**Your goal**
Leaving out each picture, transcribe the lines of the listing below exactly from the first through the line that contains "Shapewear Sculpting Faux".

**Input records**
────────────────────

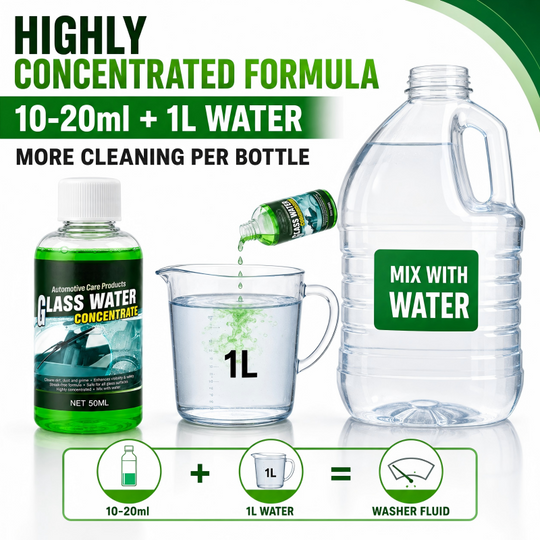 🥳2026 HOT SALE🥳💞50K+ SOLD! 💧✨ 30% OFF! Glass Concentrate – 10ml makes 1L, cuts bugs & grime, streak-free. 1 bottle = 50L. From £6.99 – lowest price online! 🚗💪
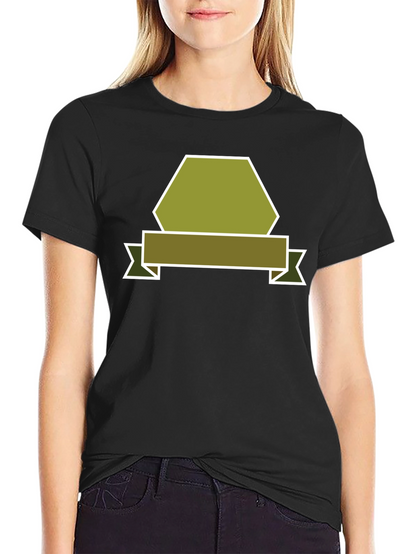 Camiseta Negra con Diseño Abstracto de Banner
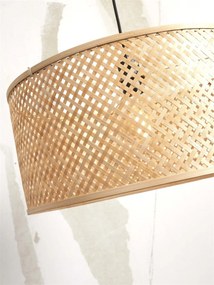 Lampadar eco din bambus Java L white/50x22, nat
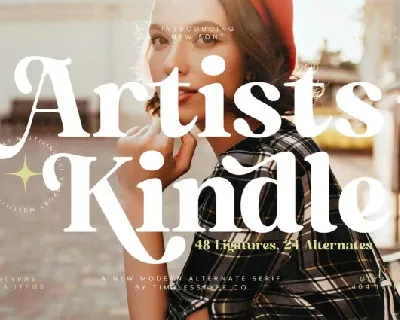 Artists Kindle font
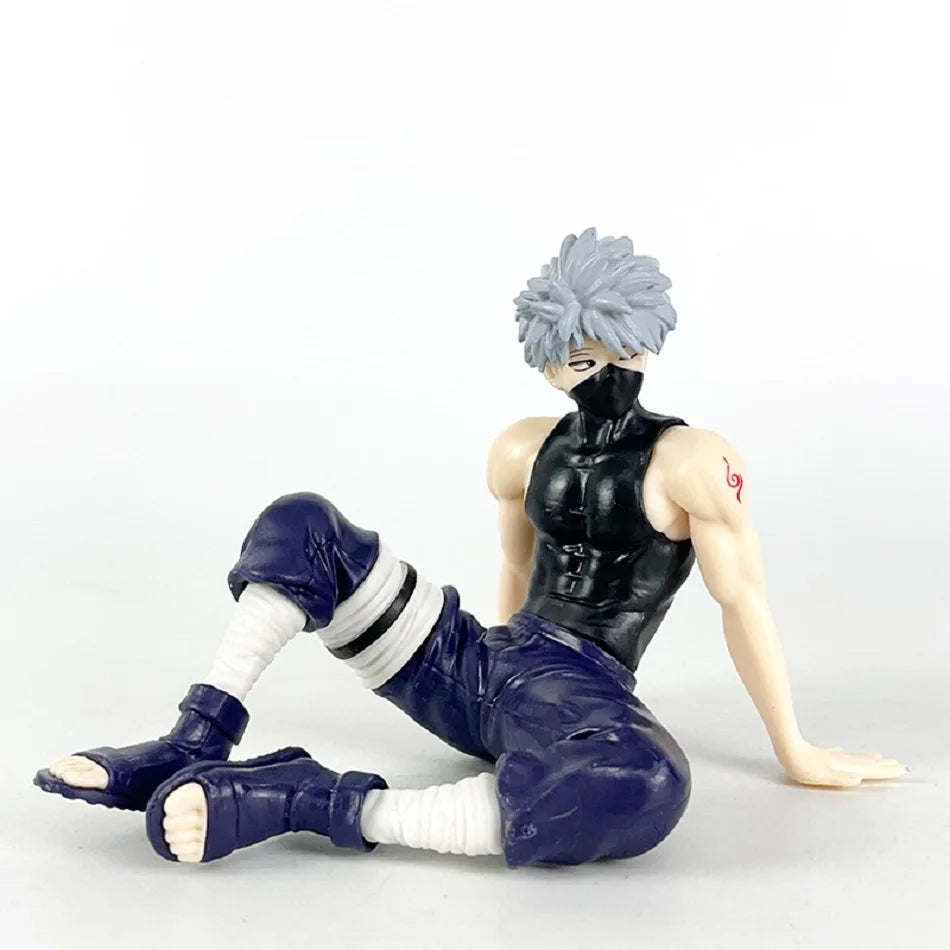 2pcs Anime Naruto Shippuuden Hatake Kakashi Uzumaki Naruto Figure Tenohira Sitting Model Toy Gift Collection Action Figure PVC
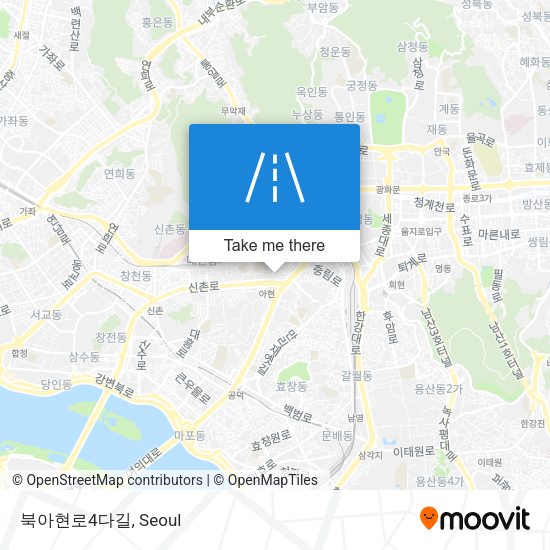 북아현로4다길 map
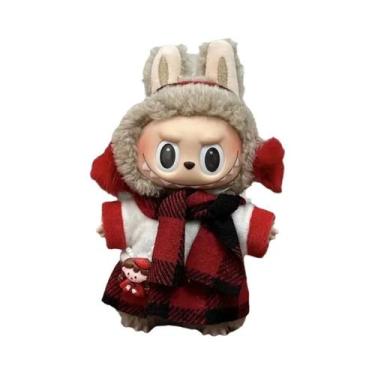 Imagem de Pelúcia Labubu Mini De 17cm Com Acessórios De Roupa Da Moda, Vários Es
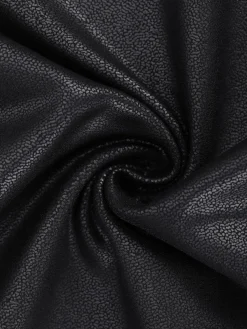 Shapewear Sculpting Faux Leather Front Slit Midi Skirt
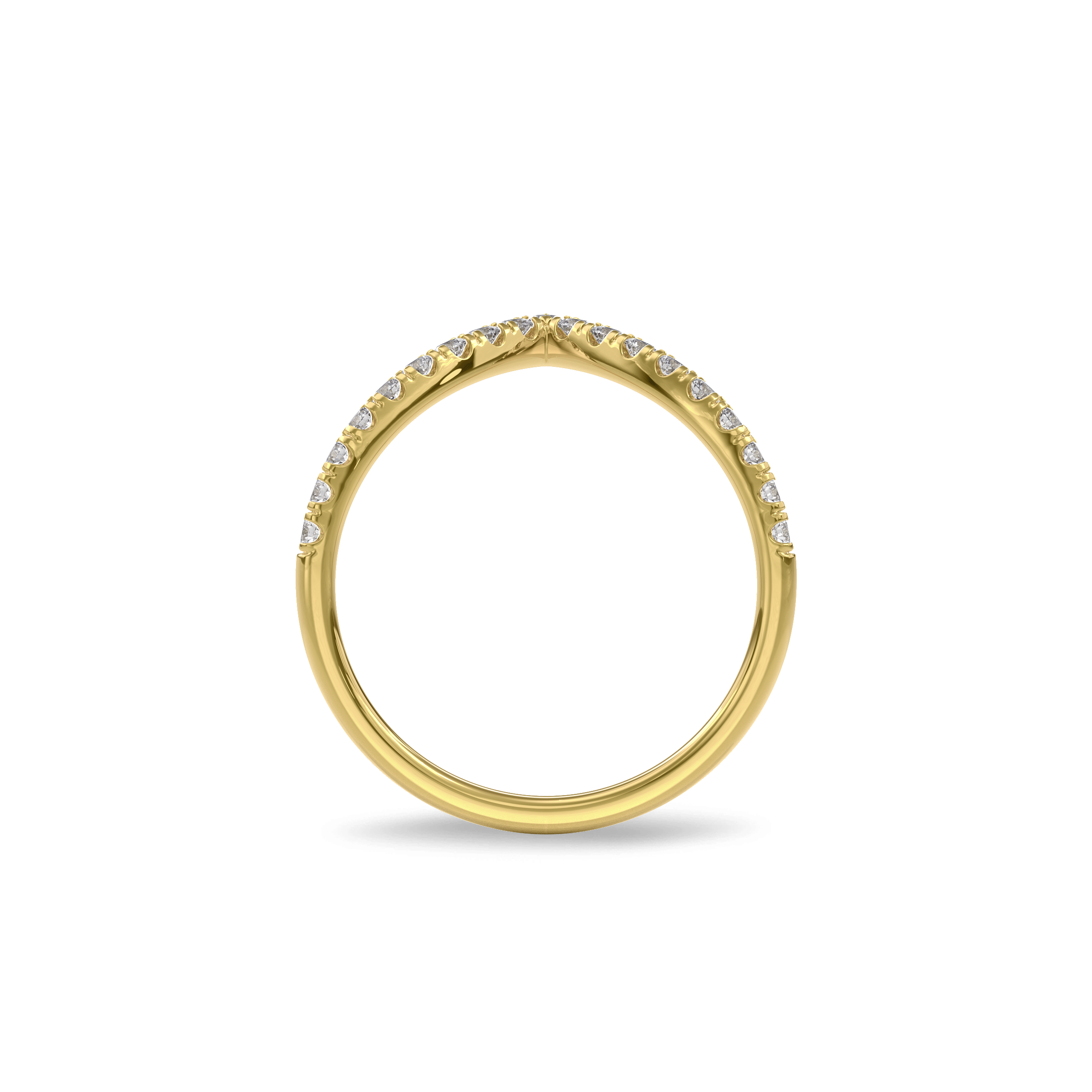 Wedding Bands Tiara Band 1.8mm•Yellow Gold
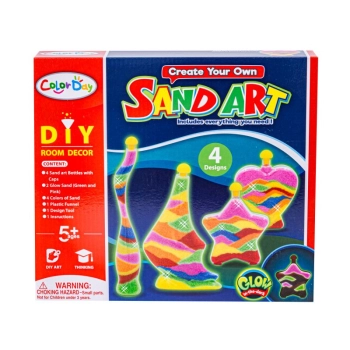 MAGICZNY PIASEK DO WYPEŁNIANIA, PIASEK DO SYPANIA, SAND ART, Kolorowe Butelki - Zrób To Sam DIY, Kreatywny Zestaw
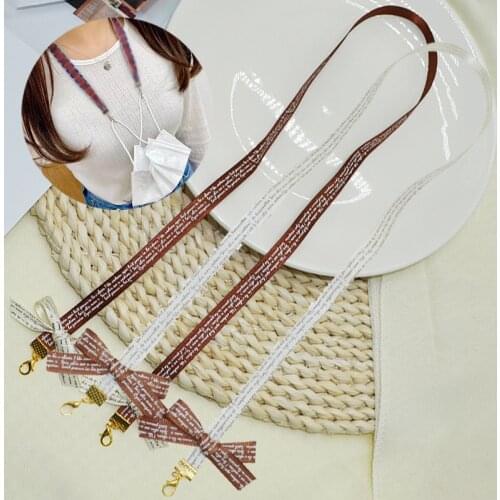 Anti-lost Ears Face Mask Hanging Lanyard Neck Rop Hook Handy Save Diy Cover Band Convenient Holder Women Organizer Storage Chain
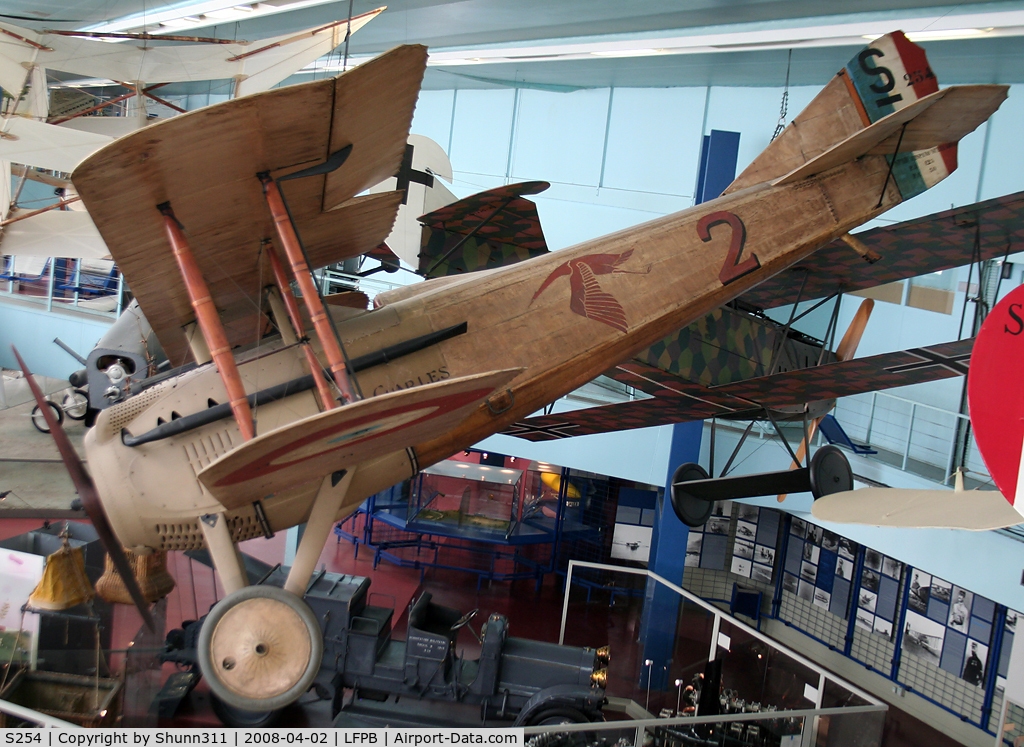 S254, SPAD S-VII C/N 254, SPAD VII preserved @ Le Bourget Museum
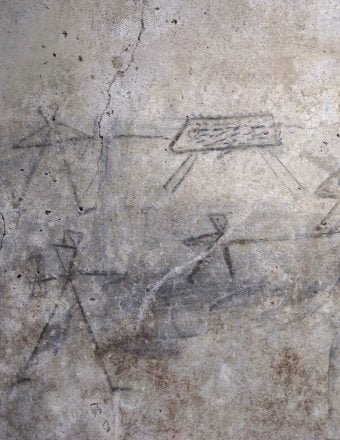 Children’s Drawings of Gladiators and Hunters Unearthed in Pompeii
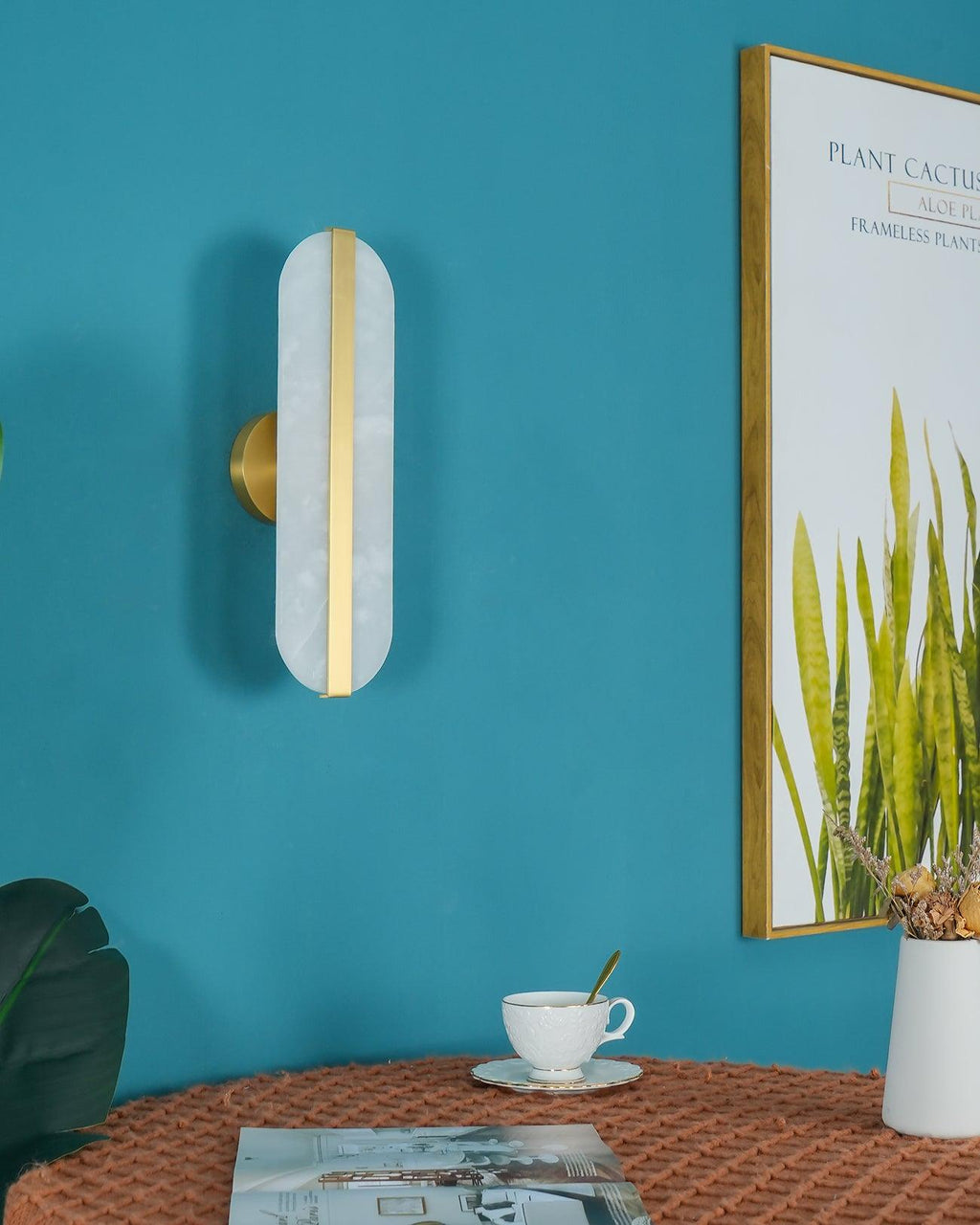 Calura Lampe Murale Double en Albâtre - Neutralighting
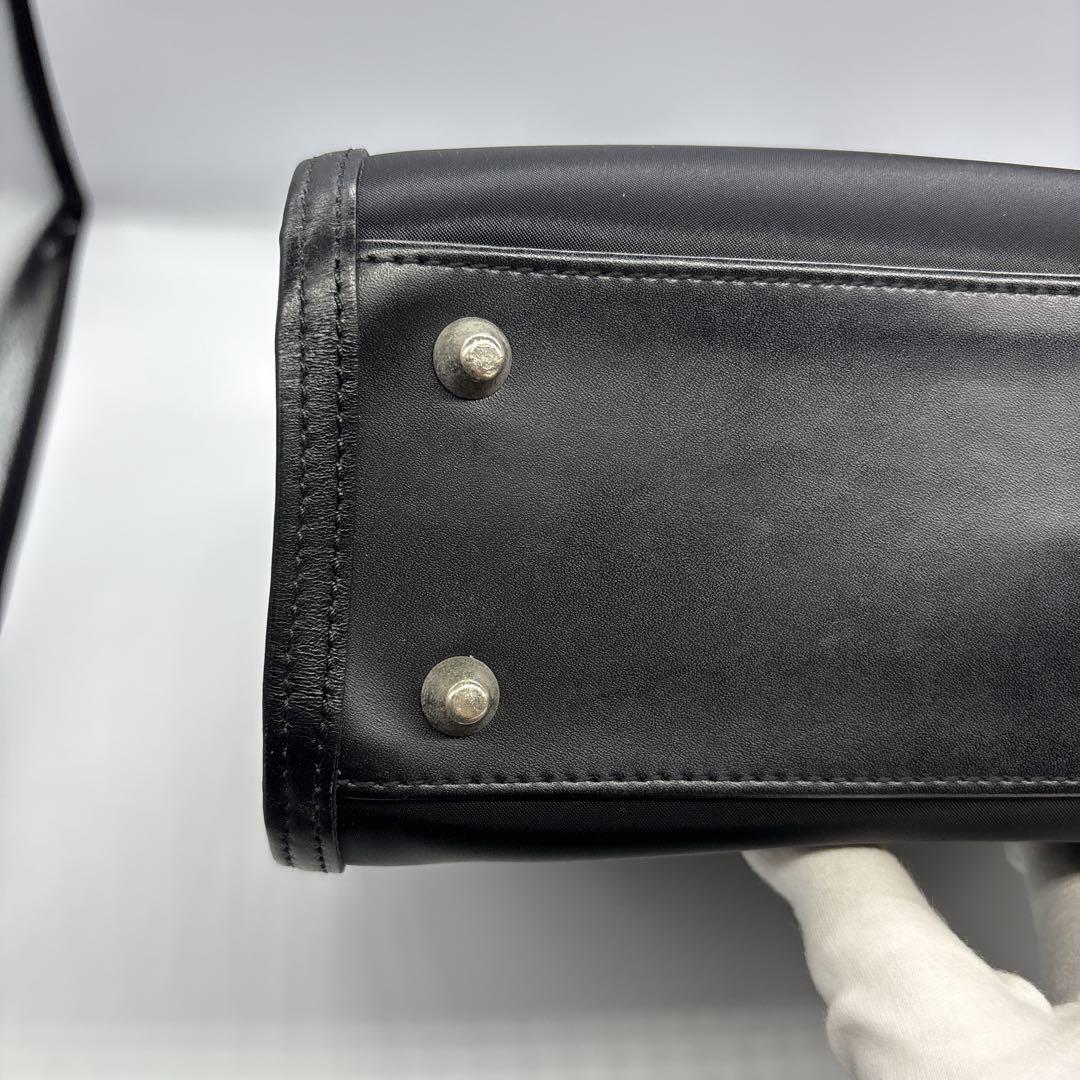 BURBERRY バーバリー トート　ビジネスバッグ ナイロン レザー ブラック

────────────────────

**Output for this task**
 🥳2026 HOT SALE🥳💞50K+ SOLD! 💧✨ 30% OFF! Glass Concentrate – 10ml makes 1L, cuts bugs & grime, streak-free. 1 bottle = 50L. From £6.99 – lowest price online! 🚗💪
 Camiseta Negra con Diseño Abstracto de Banner
 Lampadar eco din bambus Java L white/50x22, nat
 Artists Kindle font
 2pcs Anime Naruto Shippuuden Hatake Kakashi Uzumaki Naruto Figure Tenohira Sitting Model Toy Gift Collection Action Figure PVC
 북아현로4다길 map
 Imagem de Pelúcia Labubu Mini De 17cm Com Acessórios De Roupa Da Moda, Vários Es
 Shapewear Sculpting Faux Leather Front Slit Midi Skirt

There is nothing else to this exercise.